240 000 vêtements de la police et de la gendarmerie nationale pour 5 ans à l’entreprise Marck&Balsan qui ne produit quasiment plus rien en France !

Si nous rappelons ce petit point de l’histoire, c’est que la direction de l’évaluation de la performance de l’achat, des finances et de l’immobilier (DEPAFI) rattachée au ministère de l’intérieur, vient de renouveler, contre toute attente, son marché public de 240 000 vêtements de la police et de la gendarmerie nationale à l’entreprise Marck&Balsan pour les cinq prochaines années. Cette entreprise d’habillement qui ne produit quasiment plus rien en France, s’est associée avec un groupe de lingerie Israélien (Delta Galil, détenant par exemple la marque Éminence), un importateur de vêtement (Léo Minor) et la Poste sur sa partie logistique pour remporter l’appel d’offre. Le comble, c’est que cet attelage de « bric et de broc » a remporté la mise ! Chercher l’erreur…

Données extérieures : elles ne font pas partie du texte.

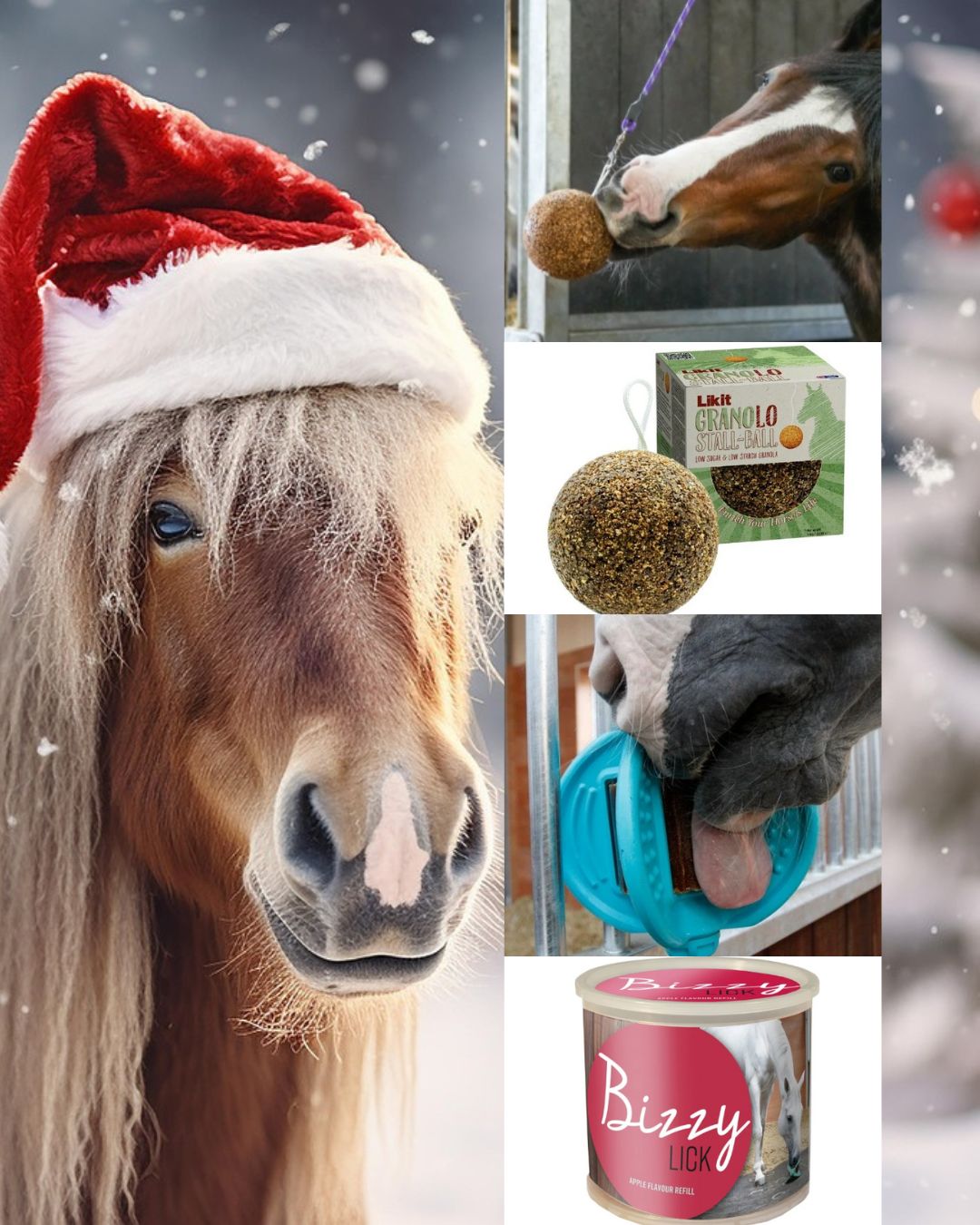 Mikuláš pre kone (1)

Au-delà de la quasi-totalité de la production des vêtements à l’étranger, nous sommes d’autant plus inquiets car Marck&Balsan vient déjà d’annoncer qu’il ne sera pas en capacité de fournir le marché avant janvier 2025. Cette entreprise qui méprise les syndicats a réorganisé ses établissements en France en 2022 et licencié des dizaines de salariés. Enfin, la coupe est pleine quand on sait que l’un des employeurs, Laurent Marck, n’est autre que le président de la commission de relocalisation à la fédération française, des industries du vêtement masculin !

Mesurer réellement la chaîne de valeur de fabrication jusqu’aux sous-traitants

Depuis des années, la fédération s’indigne de la méthode qui consiste à donner le marché public à un entrepreneur français pour se donner bonne conscience tout en ne mesurant pas réellement la chaîne de valeur de fabrication et de production de l’entreprise et de ses sous-traitants sur notre territoire. Comme toujours le critère le plus pertinent pour nos hauts fonctionnaires de la direction DEPAFI restent « le moins disant social ».

Des conséquences en cascade sur l’emploi en France

Comme une mauvaise nouvelle n’arrive jamais seule, cette décision va avoir des conséquences en cascade sur l’emploi en France. En effet, le syndicat CGT de l’entreprise Paul Boyé et l’union locale viennent de nous informer qu’un plan social d’envergure avec peut-être une fermeture d’entreprise se prépare après la perte de ce marché. Autre entreprise en difficulté, France Teinture à Troyes qui passe 30% de son chiffre d’affaires à l’entreprise Paul Boyé vient de mettre une partie de ses salariés au chômage partiel. Quant à l’entreprise de tricotage SMB Bord Cote à Vindry-sur-Turdine (Rhône), elle est aujourd’hui en très grande difficulté avec une perte de 70 % de ses commandes.

Bravo pour vos exploits de quelques milliers d’euros en moins sur vos vêtements et merci pour ces centaines de salariés qui vont perdre leur emploi en France dans nos secteurs, messieurs, mesdames, de la direction DEPAFI. Vous n’avez décidément rien compris. Après les masques, encore une fois la main pris dans le sac, une honte et un scandale !

Proposition du congrès fédéral en 2022 :

Notre congrès demande l’encadrement des marchés publics, avec un cahier des charge et des critères exigeants sur des normes sociales, des normes environnementales et l’obligation de produire une partie non négligeable en France.